• ASSIGNED TASK
Only the lines from the one containing "Chats Selfie Père" through the one containing "Outdoor Lounge Chair" should be printed, exactly as they appear below, with both ends included.

• EXERCISE INPUT

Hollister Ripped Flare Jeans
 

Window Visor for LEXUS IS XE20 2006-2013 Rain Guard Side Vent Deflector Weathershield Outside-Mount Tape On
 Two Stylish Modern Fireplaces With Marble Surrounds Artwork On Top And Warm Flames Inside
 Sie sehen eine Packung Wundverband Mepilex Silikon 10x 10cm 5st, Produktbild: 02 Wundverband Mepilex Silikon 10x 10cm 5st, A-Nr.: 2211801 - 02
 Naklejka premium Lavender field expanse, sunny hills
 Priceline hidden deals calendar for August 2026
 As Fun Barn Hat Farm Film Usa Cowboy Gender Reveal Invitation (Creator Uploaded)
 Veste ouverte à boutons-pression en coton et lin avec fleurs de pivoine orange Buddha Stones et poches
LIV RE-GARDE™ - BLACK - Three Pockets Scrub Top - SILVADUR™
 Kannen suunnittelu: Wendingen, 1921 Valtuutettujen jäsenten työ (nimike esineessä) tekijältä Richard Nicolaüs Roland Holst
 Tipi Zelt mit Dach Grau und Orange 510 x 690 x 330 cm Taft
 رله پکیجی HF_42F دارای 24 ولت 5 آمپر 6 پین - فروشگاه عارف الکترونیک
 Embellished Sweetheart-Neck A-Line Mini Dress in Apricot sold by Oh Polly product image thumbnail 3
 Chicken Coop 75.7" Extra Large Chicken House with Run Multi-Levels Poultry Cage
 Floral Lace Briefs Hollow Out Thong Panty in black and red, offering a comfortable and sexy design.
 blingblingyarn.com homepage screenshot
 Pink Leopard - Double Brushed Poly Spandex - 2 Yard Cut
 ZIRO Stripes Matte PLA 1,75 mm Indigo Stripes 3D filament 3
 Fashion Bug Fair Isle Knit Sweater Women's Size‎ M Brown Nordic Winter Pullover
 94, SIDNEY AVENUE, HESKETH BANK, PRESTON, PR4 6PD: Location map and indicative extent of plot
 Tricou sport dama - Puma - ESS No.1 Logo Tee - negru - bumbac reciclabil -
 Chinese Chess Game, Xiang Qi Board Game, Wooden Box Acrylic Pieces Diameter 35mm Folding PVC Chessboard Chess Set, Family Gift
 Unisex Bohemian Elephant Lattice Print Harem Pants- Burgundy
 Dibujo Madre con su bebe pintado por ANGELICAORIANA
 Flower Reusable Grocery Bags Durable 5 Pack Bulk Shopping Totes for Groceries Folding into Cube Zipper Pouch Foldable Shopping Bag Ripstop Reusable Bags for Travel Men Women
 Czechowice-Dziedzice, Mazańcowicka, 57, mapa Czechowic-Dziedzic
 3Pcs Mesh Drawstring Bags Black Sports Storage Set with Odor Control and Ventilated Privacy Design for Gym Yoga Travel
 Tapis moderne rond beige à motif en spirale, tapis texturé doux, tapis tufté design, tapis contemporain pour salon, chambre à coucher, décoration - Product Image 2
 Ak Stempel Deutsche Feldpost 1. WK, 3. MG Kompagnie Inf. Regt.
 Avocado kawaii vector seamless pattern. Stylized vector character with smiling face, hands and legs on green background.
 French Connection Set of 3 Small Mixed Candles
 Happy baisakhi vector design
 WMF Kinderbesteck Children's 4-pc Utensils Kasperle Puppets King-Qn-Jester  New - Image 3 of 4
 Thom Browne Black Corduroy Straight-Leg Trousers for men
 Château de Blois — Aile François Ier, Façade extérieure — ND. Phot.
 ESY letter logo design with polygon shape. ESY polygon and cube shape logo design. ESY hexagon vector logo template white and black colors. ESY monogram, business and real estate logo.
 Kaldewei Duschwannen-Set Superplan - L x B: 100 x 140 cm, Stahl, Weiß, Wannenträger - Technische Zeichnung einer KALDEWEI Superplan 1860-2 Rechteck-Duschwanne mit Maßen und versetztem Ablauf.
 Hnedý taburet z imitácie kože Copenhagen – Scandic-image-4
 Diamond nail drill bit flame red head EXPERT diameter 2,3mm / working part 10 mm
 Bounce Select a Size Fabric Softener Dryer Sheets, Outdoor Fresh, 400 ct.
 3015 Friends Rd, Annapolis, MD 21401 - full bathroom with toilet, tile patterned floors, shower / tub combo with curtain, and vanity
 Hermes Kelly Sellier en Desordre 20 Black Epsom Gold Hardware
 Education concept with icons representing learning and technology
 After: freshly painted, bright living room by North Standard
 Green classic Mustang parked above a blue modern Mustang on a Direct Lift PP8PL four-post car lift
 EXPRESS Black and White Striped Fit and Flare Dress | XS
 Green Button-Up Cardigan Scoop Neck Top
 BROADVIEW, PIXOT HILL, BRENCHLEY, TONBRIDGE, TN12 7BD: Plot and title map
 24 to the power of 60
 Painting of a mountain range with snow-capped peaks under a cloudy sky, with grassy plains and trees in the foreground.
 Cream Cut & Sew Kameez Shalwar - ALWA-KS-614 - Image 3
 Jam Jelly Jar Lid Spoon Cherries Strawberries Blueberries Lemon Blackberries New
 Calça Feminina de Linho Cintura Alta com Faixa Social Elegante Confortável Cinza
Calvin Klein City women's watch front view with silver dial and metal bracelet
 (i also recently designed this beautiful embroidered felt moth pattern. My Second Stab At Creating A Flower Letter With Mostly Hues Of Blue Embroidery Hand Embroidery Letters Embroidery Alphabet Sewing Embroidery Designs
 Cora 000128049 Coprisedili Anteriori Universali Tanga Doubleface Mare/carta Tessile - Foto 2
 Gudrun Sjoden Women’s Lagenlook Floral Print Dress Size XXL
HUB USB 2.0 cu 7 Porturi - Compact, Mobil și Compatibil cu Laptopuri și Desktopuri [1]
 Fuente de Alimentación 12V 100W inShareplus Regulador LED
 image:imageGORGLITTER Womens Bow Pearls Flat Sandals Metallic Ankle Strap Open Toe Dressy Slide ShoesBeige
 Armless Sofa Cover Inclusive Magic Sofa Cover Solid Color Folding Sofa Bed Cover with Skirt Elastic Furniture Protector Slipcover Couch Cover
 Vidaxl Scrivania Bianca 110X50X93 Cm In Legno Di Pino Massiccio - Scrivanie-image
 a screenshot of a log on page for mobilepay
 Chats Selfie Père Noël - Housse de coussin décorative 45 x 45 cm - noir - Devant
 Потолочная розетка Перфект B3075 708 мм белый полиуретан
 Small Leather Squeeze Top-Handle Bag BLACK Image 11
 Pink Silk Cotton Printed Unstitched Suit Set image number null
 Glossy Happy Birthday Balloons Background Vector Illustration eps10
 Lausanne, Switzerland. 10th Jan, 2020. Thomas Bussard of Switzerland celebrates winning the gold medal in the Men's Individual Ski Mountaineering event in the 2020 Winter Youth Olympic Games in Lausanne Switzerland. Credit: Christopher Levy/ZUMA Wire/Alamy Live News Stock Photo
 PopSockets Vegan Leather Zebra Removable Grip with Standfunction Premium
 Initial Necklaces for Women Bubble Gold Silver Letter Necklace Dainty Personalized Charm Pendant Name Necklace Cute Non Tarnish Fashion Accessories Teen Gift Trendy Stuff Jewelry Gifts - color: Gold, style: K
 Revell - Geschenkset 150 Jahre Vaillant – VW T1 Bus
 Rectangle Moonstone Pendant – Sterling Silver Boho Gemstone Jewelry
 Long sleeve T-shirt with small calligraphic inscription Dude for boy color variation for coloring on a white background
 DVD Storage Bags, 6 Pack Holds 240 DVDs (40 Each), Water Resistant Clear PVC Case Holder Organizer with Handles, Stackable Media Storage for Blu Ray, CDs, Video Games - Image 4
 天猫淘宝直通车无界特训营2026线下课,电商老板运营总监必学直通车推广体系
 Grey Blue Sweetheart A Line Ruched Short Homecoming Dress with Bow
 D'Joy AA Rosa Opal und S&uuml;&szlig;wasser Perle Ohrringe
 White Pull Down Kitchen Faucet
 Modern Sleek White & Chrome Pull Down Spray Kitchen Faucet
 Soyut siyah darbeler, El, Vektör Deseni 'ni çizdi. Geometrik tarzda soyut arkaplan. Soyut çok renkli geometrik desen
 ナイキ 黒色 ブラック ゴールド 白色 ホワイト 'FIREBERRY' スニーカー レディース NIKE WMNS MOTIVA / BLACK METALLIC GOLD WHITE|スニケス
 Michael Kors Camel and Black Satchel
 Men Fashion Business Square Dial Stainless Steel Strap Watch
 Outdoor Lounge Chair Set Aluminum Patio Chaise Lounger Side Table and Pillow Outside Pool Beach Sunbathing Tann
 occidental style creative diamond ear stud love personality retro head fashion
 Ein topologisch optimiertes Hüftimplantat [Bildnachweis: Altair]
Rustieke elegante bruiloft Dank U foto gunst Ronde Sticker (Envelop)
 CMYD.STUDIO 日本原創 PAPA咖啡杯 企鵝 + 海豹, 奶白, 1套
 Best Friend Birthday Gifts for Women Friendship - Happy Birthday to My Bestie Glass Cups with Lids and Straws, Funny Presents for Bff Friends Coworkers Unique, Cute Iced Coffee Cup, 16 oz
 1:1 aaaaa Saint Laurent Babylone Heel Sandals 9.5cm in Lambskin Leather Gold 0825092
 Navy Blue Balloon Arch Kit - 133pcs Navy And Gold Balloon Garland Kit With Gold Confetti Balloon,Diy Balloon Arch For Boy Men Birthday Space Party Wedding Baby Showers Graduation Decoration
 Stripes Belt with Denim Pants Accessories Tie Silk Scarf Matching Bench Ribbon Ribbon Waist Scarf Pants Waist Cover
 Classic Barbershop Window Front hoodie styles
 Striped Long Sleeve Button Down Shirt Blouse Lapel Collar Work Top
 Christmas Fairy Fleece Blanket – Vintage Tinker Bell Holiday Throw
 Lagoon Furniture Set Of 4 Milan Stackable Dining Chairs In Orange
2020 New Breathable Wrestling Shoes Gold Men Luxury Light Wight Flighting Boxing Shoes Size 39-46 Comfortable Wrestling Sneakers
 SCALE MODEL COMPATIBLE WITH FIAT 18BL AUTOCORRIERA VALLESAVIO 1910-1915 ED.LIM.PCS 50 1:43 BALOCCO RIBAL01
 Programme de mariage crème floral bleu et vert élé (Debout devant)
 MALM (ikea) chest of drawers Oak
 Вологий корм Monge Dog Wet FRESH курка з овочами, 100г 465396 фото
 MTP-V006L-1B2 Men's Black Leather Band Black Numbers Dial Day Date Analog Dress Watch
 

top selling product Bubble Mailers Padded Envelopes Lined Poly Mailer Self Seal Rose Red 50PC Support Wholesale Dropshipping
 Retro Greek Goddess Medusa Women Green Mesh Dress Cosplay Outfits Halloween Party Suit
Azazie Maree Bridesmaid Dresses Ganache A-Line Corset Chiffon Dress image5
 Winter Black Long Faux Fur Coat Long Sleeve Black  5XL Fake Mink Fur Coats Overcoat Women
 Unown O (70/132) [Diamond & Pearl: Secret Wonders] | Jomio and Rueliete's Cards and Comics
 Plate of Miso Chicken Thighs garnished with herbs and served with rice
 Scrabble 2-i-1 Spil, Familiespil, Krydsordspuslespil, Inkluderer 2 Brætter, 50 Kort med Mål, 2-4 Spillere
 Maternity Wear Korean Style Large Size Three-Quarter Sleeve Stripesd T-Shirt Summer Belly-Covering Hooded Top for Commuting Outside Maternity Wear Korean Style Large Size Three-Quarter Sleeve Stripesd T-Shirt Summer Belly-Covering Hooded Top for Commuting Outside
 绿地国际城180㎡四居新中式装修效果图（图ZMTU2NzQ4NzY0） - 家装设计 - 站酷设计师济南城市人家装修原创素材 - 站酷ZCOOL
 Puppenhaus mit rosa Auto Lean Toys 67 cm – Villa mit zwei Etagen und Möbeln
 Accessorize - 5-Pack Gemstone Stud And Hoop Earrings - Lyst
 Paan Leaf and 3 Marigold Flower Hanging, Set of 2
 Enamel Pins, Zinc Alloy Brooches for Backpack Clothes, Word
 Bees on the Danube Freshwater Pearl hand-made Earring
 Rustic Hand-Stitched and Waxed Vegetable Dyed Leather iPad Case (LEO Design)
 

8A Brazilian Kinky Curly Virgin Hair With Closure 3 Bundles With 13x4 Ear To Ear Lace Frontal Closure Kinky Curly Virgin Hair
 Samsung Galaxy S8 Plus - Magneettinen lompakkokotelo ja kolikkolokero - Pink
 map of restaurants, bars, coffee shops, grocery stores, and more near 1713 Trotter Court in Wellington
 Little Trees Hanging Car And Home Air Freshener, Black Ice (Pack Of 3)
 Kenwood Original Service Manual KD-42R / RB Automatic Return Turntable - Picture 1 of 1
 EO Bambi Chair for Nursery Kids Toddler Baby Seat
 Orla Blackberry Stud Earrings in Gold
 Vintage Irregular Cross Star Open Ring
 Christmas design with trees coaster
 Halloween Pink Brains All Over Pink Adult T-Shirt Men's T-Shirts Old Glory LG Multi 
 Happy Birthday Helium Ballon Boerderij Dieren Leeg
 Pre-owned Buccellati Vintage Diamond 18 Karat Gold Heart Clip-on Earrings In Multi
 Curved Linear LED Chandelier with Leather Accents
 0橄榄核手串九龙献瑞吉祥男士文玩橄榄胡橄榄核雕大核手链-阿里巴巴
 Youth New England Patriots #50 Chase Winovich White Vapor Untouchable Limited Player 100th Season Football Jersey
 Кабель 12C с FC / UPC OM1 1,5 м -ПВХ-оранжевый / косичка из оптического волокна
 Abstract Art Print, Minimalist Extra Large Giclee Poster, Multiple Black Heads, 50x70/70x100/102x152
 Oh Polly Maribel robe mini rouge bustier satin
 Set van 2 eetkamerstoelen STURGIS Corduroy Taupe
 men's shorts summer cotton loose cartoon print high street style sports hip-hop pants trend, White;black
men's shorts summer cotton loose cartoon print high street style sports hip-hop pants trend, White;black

• THE COMPLETED TASK
 Chats Selfie Père Noël - Housse de coussin décorative 45 x 45 cm - noir - Devant
 Потолочная розетка Перфект B3075 708 мм белый полиуретан
 Small Leather Squeeze Top-Handle Bag BLACK Image 11
 Pink Silk Cotton Printed Unstitched Suit Set image number null
 Glossy Happy Birthday Balloons Background Vector Illustration eps10
 Lausanne, Switzerland. 10th Jan, 2020. Thomas Bussard of Switzerland celebrates winning the gold medal in the Men's Individual Ski Mountaineering event in the 2020 Winter Youth Olympic Games in Lausanne Switzerland. Credit: Christopher Levy/ZUMA Wire/Alamy Live News Stock Photo
 PopSockets Vegan Leather Zebra Removable Grip with Standfunction Premium
 Initial Necklaces for Women Bubble Gold Silver Letter Necklace Dainty Personalized Charm Pendant Name Necklace Cute Non Tarnish Fashion Accessories Teen Gift Trendy Stuff Jewelry Gifts - color: Gold, style: K
 Revell - Geschenkset 150 Jahre Vaillant – VW T1 Bus
 Rectangle Moonstone Pendant – Sterling Silver Boho Gemstone Jewelry
 Long sleeve T-shirt with small calligraphic inscription Dude for boy color variation for coloring on a white background
 DVD Storage Bags, 6 Pack Holds 240 DVDs (40 Each), Water Resistant Clear PVC Case Holder Organizer with Handles, Stackable Media Storage for Blu Ray, CDs, Video Games - Image 4
 天猫淘宝直通车无界特训营2026线下课,电商老板运营总监必学直通车推广体系
 Grey Blue Sweetheart A Line Ruched Short Homecoming Dress with Bow
 D'Joy AA Rosa Opal und S&uuml;&szlig;wasser Perle Ohrringe
 White Pull Down Kitchen Faucet
 Modern Sleek White & Chrome Pull Down Spray Kitchen Faucet
 Soyut siyah darbeler, El, Vektör Deseni 'ni çizdi. Geometrik tarzda soyut arkaplan. Soyut çok renkli geometrik desen
 ナイキ 黒色 ブラック ゴールド 白色 ホワイト 'FIREBERRY' スニーカー レディース NIKE WMNS MOTIVA / BLACK METALLIC GOLD WHITE|スニケス
 Michael Kors Camel and Black Satchel
 Men Fashion Business Square Dial Stainless Steel Strap Watch
 Outdoor Lounge Chair Set Aluminum Patio Chaise Lounger Side Table and Pillow Outside Pool Beach Sunbathing Tann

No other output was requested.